PROVIDED MATERIAL:
****
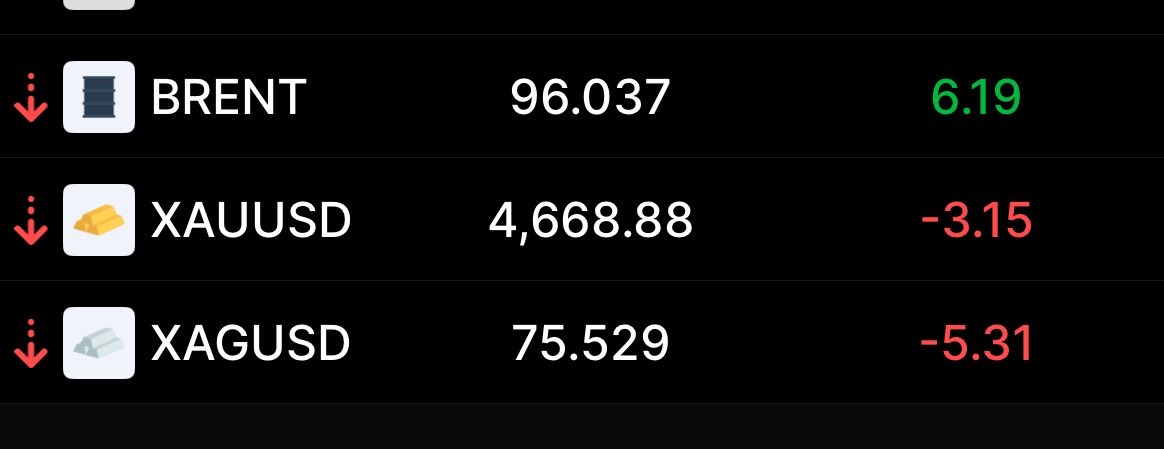 septemberbrd's tweet image. #brent #gold #sılver

Alarmlar öttü hayırdır 

🥶🥶🥶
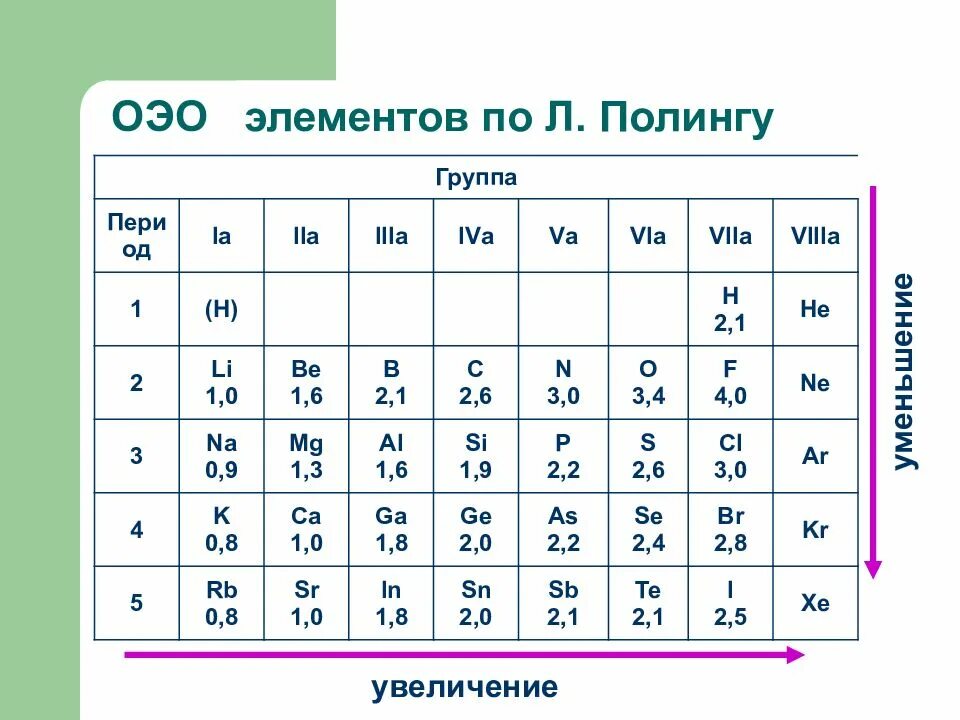 Степень электроотрицательность элементов. Шкала электроотрицательности по Полингу. Таблица Полинга электроотрицательность. Таблица значений электроотрицательности химических элементов. Таблица относительной электроотрицательности.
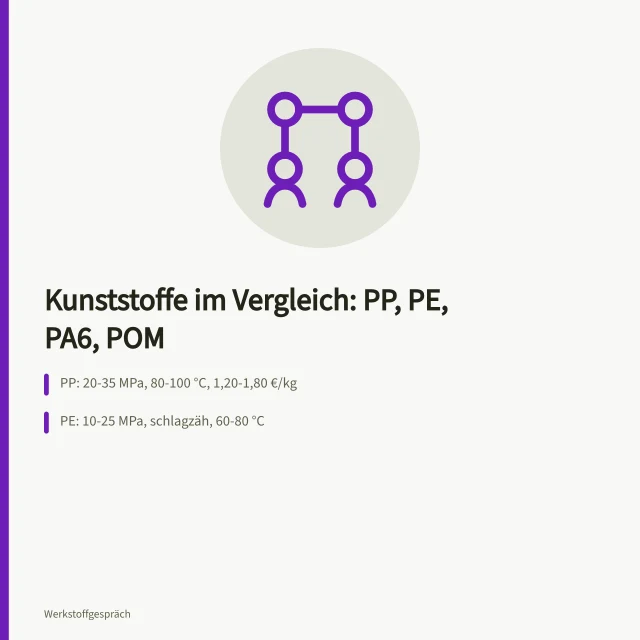Vergleichstabelle Kunststoffe PP PE PA6 POM mit Kennwerten. Kunststoffe Eigenschaften im Vergleich: PP, PE, PA und POM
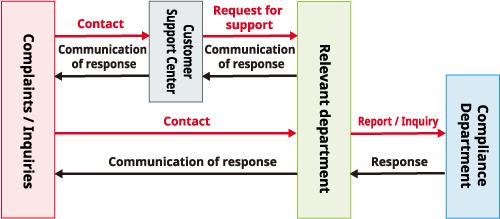 Communication system on personal information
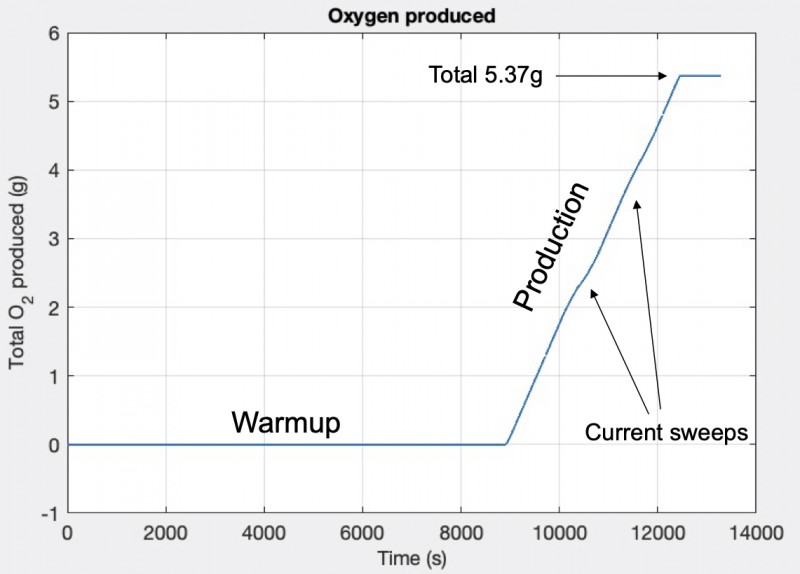 first_operations_-_moxie_oxygen_production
****
PROMPT:
All of the material must be given again exactly, though no picture may appear in the copy.

RESPONSE BOX:
 septemberbrd's tweet image. #brent #gold #sılver

Alarmlar öttü hayırdır 

🥶🥶🥶
 Степень электроотрицательность элементов. Шкала электроотрицательности по Полингу. Таблица Полинга электроотрицательность. Таблица значений электроотрицательности химических элементов. Таблица относительной электроотрицательности.
Vergleichstabelle Kunststoffe PP PE PA6 POM mit Kennwerten. Kunststoffe Eigenschaften im Vergleich: PP, PE, PA und POM
 Communication system on personal information
 first_operations_-_moxie_oxygen_production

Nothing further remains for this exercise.